> **INPUT DATA**:
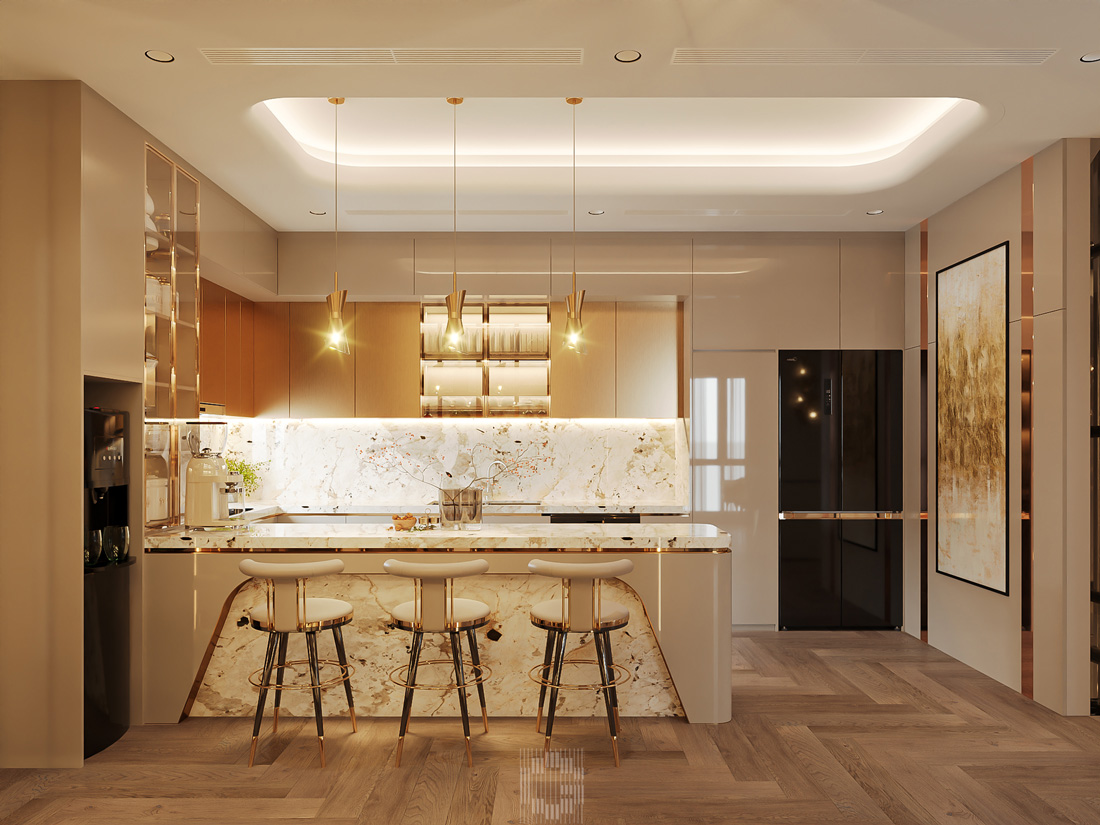thiết kế nội thất shophouse Vinhomes Ocean Park nhà a Toàn 15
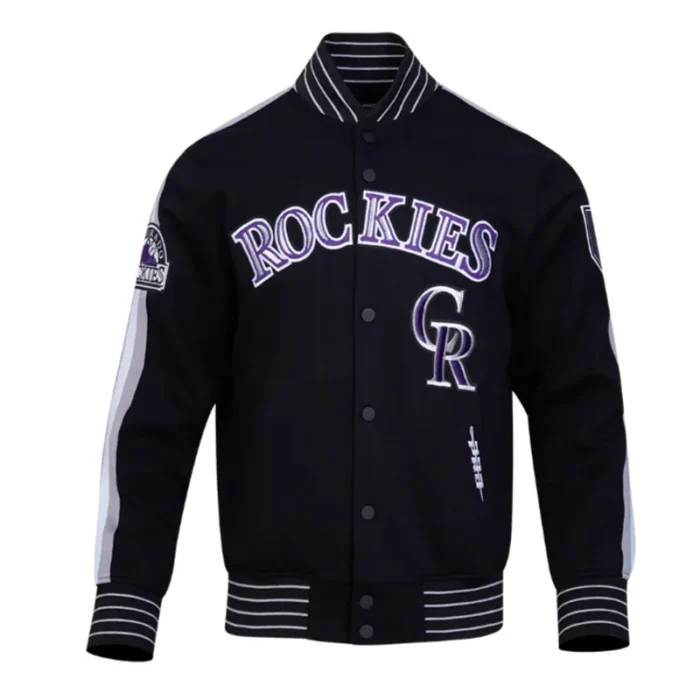 Colorado Rockies Current Logo Game Day Eggshell Black Jacket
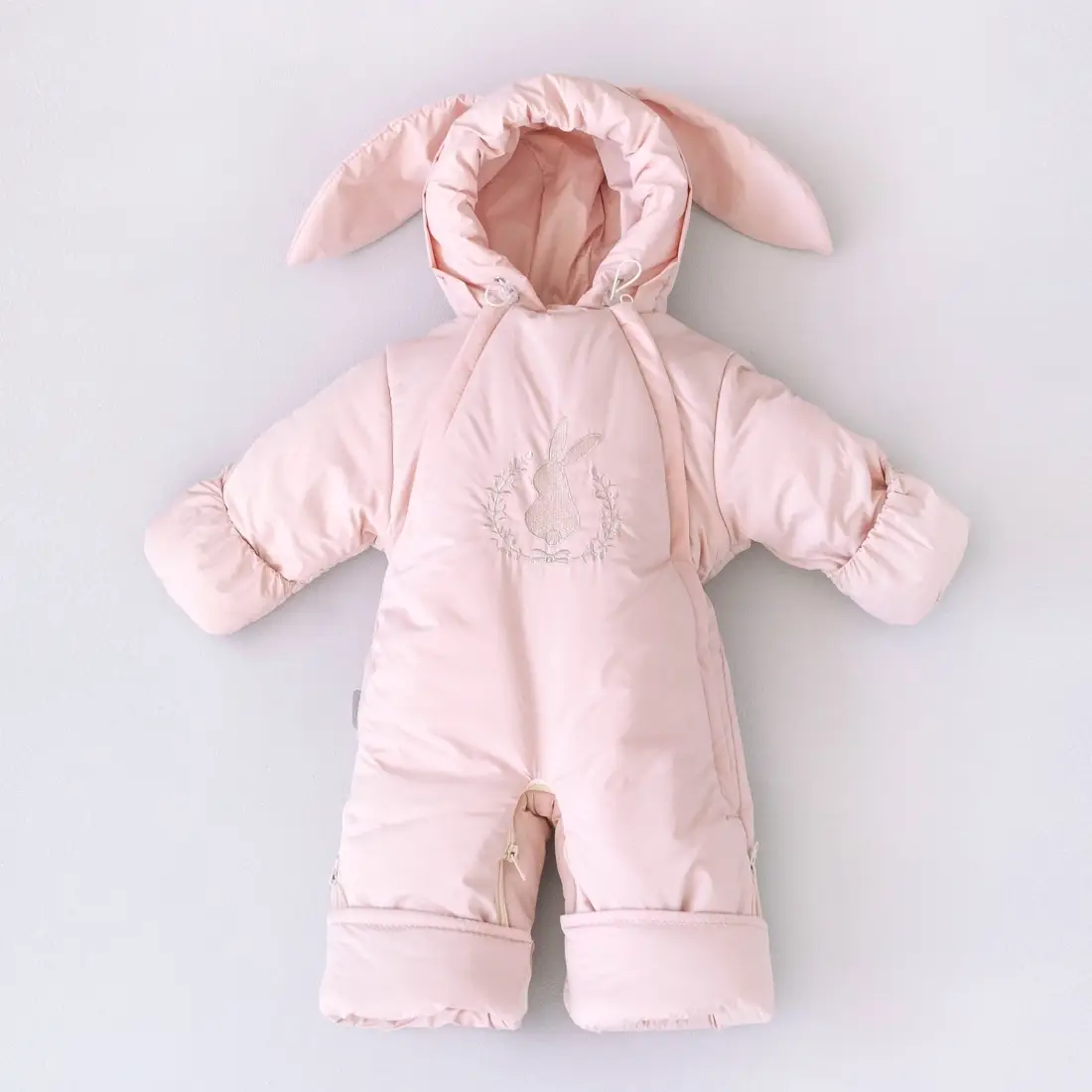 Комбинезон-трансформер KiDi Зайкин-2, с отворотами, 3 сезона, розовый 20-22, 62-74 см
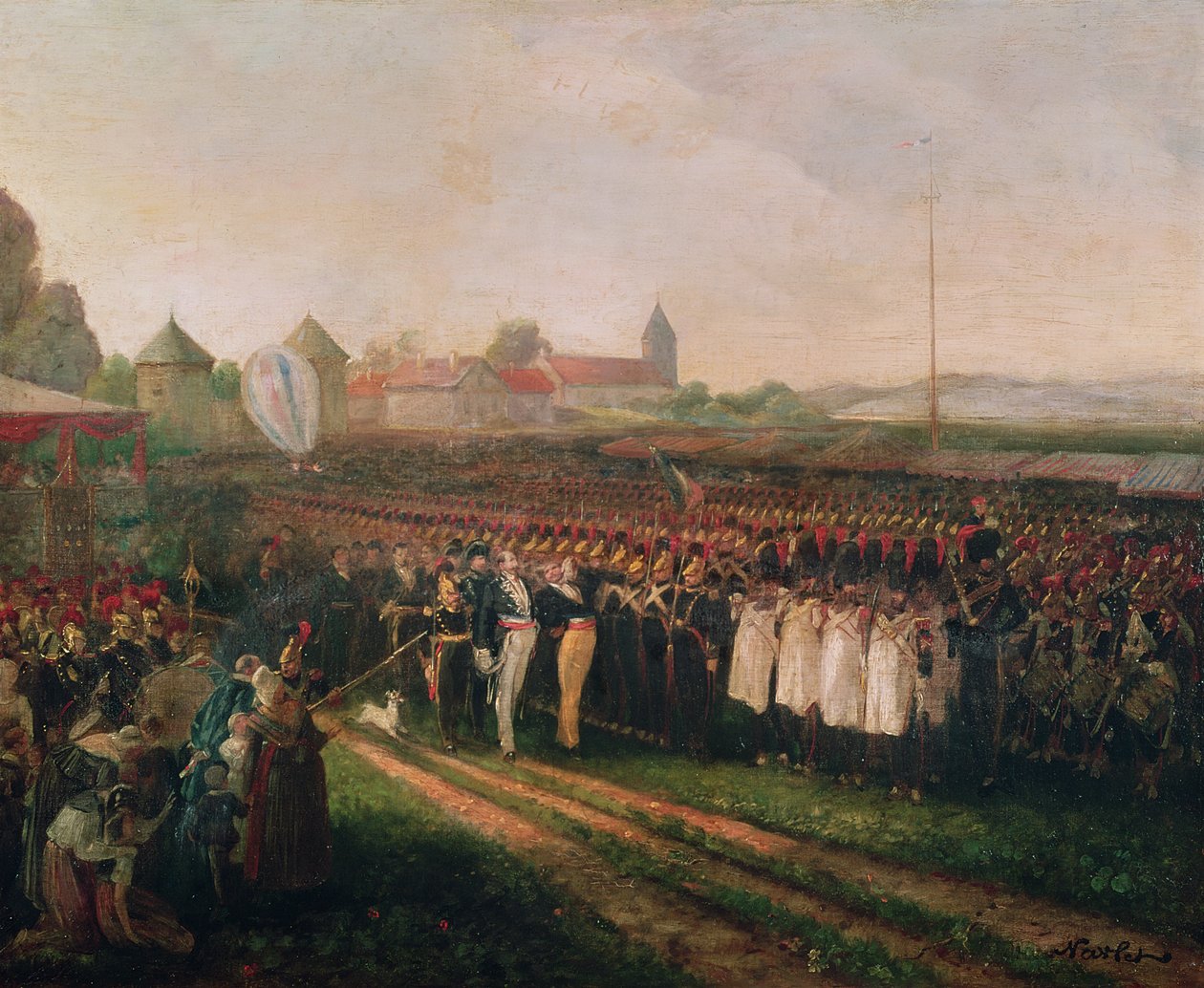 Ulusal Muhafız ve İtfaiyenin Gözden Geçirilmesi by Joseph Navlet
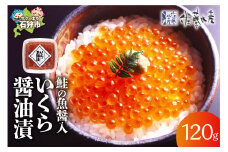 佐藤水産 鮭の魚醤入いくら醤油漬 60g×2｜ふるさと納税 石狩市 北海道 イクラ醤油漬け イクラ醤油漬 魚卵
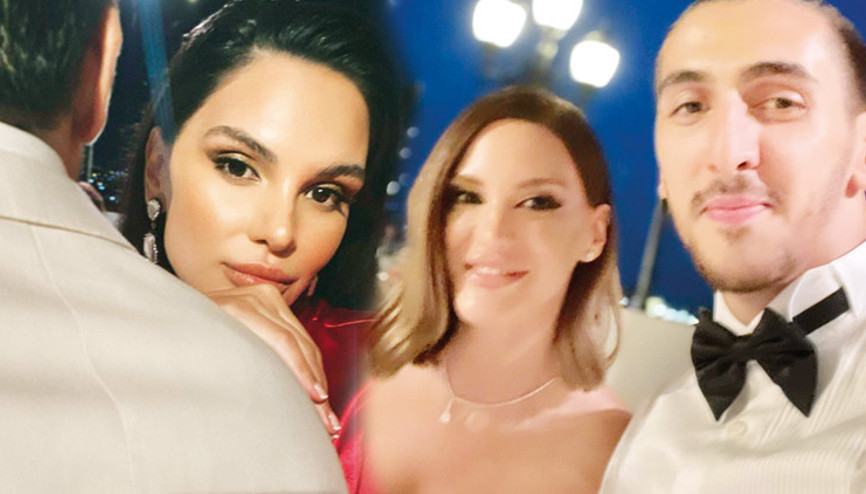 Almeda Abazi’nin kız kardeşi İlda Abazi, Kenan Sipahi ile evlendi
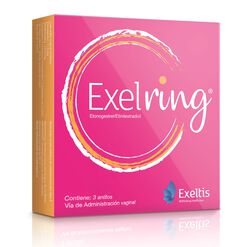 Exelring 120 mcg/ 15 mcg x 3 Anillos Vaginales - Exeltis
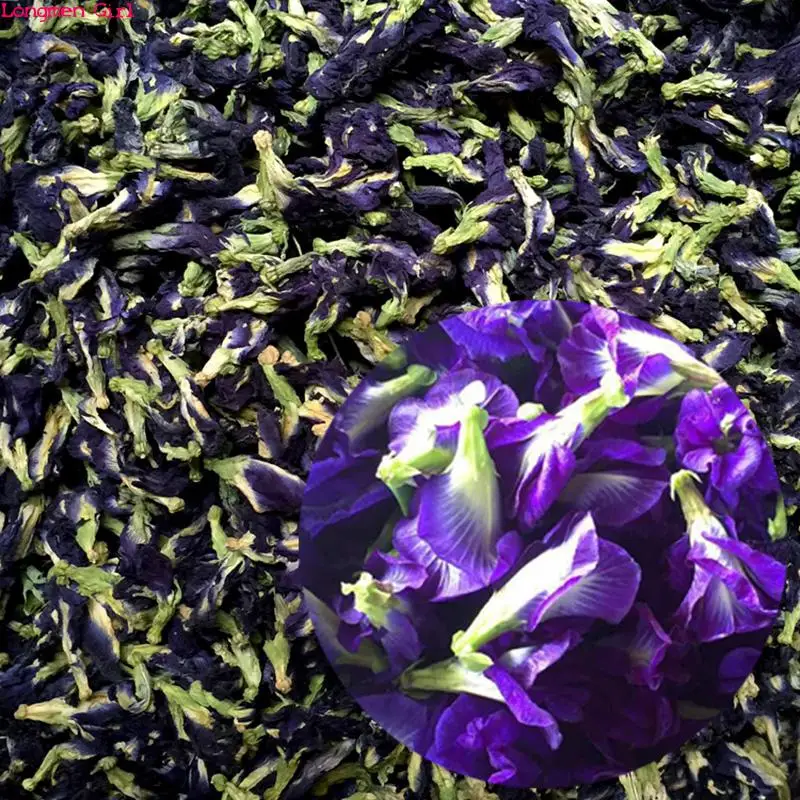 Высококачественные Натуральные высушенные цветы Clitoria Terna, чай с синим маслом и горохом, косметическое средство для ухода за здоровьем, кокт...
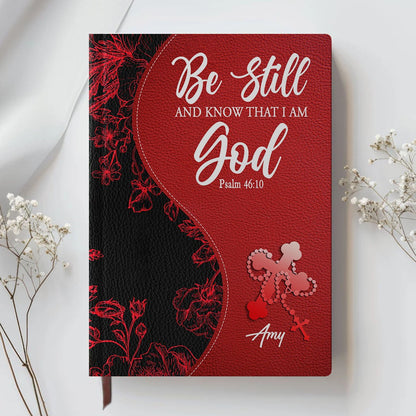 Personalized Leather Notebook with Custom Bible Verse & Name | CHRISTIANARTBAG
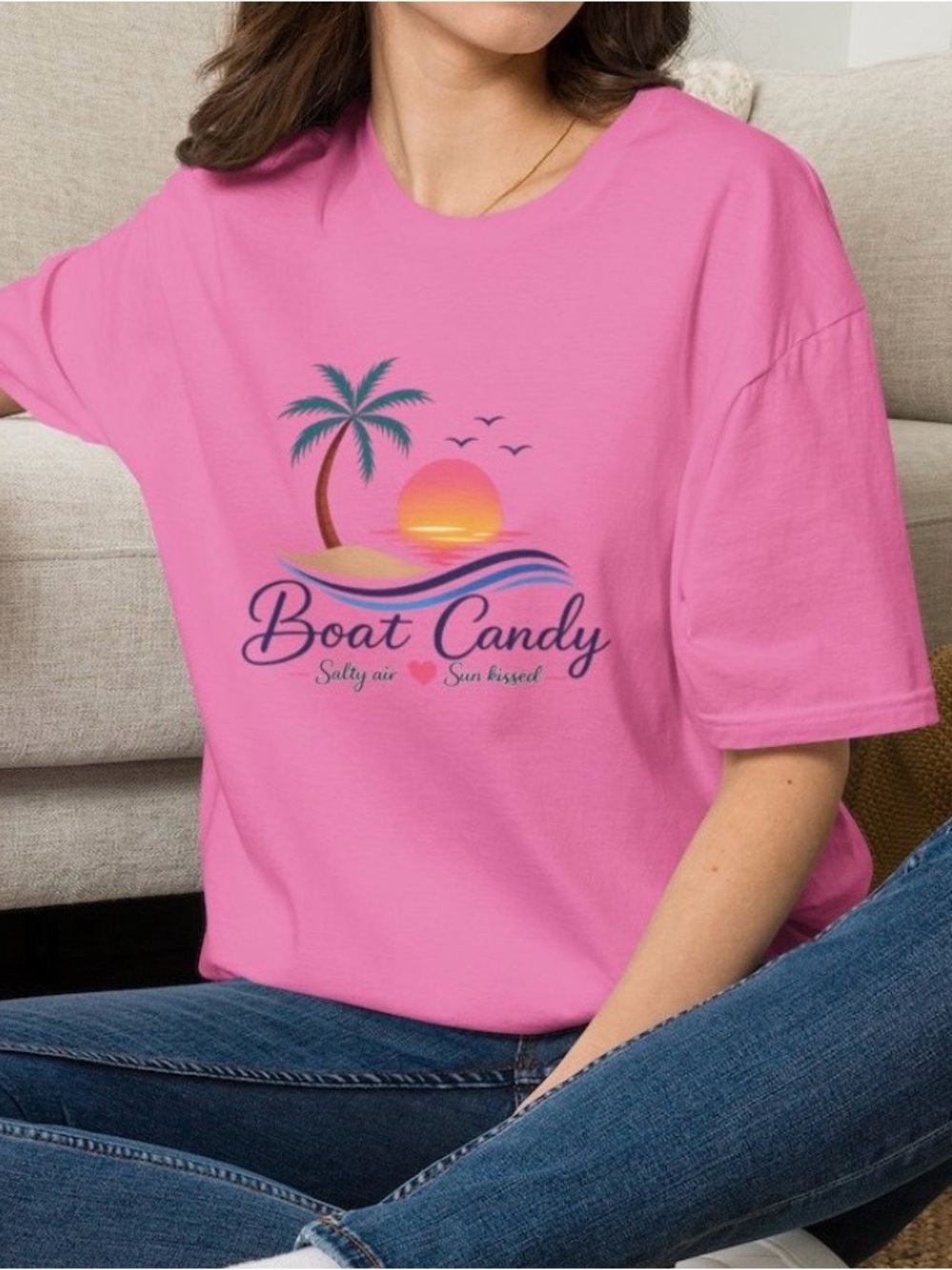 🍭🍬 BOAT CANDY 🍬🍭 Fun Beach/Boat Graphic Unisex Tee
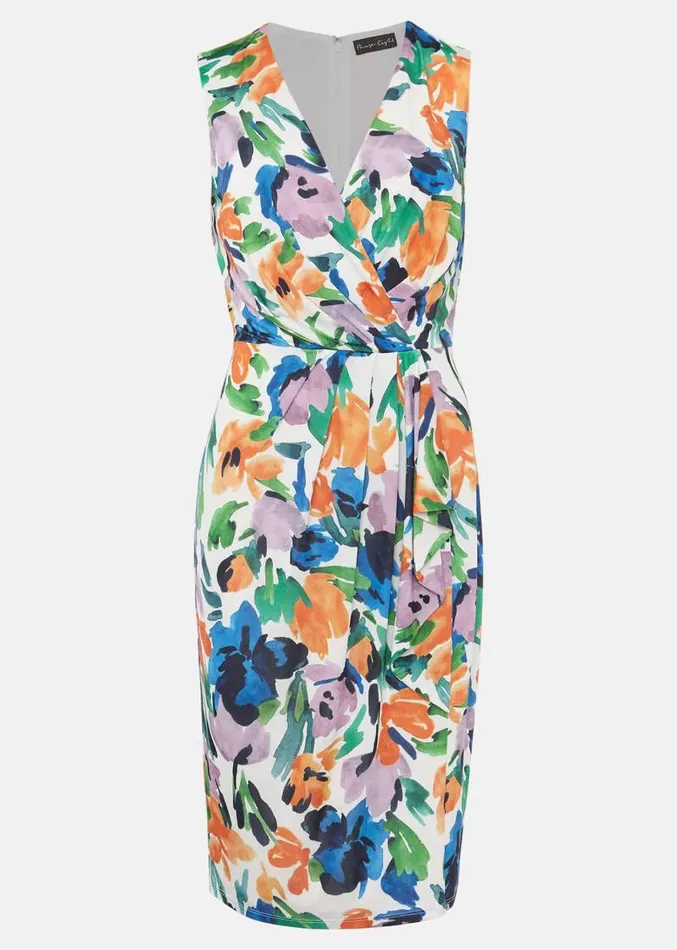 Essie Floral Midi Dress Multicoloured Women Phase Eight Dresses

> **WHAT THE EXERCISE ASKS**: Only the lines from the one containing "Высококачественные Натуральные высушенные" through the end of the records are wanted, set down exactly and without their pictures.

> **ANSWER SECTION**:
 Высококачественные Натуральные высушенные цветы Clitoria Terna, чай с синим маслом и горохом, косметическое средство для ухода за здоровьем, кокт...
 Personalized Leather Notebook with Custom Bible Verse & Name | CHRISTIANARTBAG
 🍭🍬 BOAT CANDY 🍬🍭 Fun Beach/Boat Graphic Unisex Tee
 Essie Floral Midi Dress Multicoloured Women Phase Eight Dresses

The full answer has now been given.